Future impact on spatially resolved XAFS can be also expected from the even higher photon flux, higher brightness and coherence of the synchrotron radiation at future diffraction-limited storage rings and free-electron lasers (FELs; McNeil & Thompson, 2010; Eriksson et al., 2014). Beyond synchrotron radiation, with pulses of about 200 fs in length, FELs provide a peak brilliance 10¹⁰ higher than the best synchrotron light sources and photon pulses of 10¹² photons per femtosecond. Thus, a step forward would be 4D local structural monitoring capabilities (chemical imaging with space, time and energy resolutions) at future FEL facilities to access ultrafast phenomena (kinetics, photocatalysis, rapid fluctuations and chemical reactions).

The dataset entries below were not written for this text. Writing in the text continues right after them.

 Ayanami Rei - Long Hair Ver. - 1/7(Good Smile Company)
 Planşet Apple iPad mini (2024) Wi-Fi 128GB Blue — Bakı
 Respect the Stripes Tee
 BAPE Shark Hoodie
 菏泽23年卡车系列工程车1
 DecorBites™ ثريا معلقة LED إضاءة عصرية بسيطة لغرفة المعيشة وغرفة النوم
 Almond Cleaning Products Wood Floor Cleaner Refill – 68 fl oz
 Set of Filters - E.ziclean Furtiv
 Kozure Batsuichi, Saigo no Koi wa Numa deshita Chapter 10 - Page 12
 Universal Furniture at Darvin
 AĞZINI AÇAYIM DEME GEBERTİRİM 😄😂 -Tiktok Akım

However, to allow such breakthroughs key instrumental and methodological improvements need to be fostered in the following areas: (i) nanofocusing optics, and more generally optical elements, that are able to provide stable and reliable beams on the nanometre length scale, (ii) nanocharacterization tools to monitor nanodisplacements of samples and mechanical control and stability (piezo, feedback etc.), (iii) sample preparation and nanolocalization or nanomarking protocols to precisely record the areas of interest and relate them to observations on a larger length scale, (iv) low-noise, large solid angle and ultrafast detectors and electronics (data readout), (v) further cryo-techniques to reduce radiation damage and (vi) in situ measurements under monitored environmental conditions.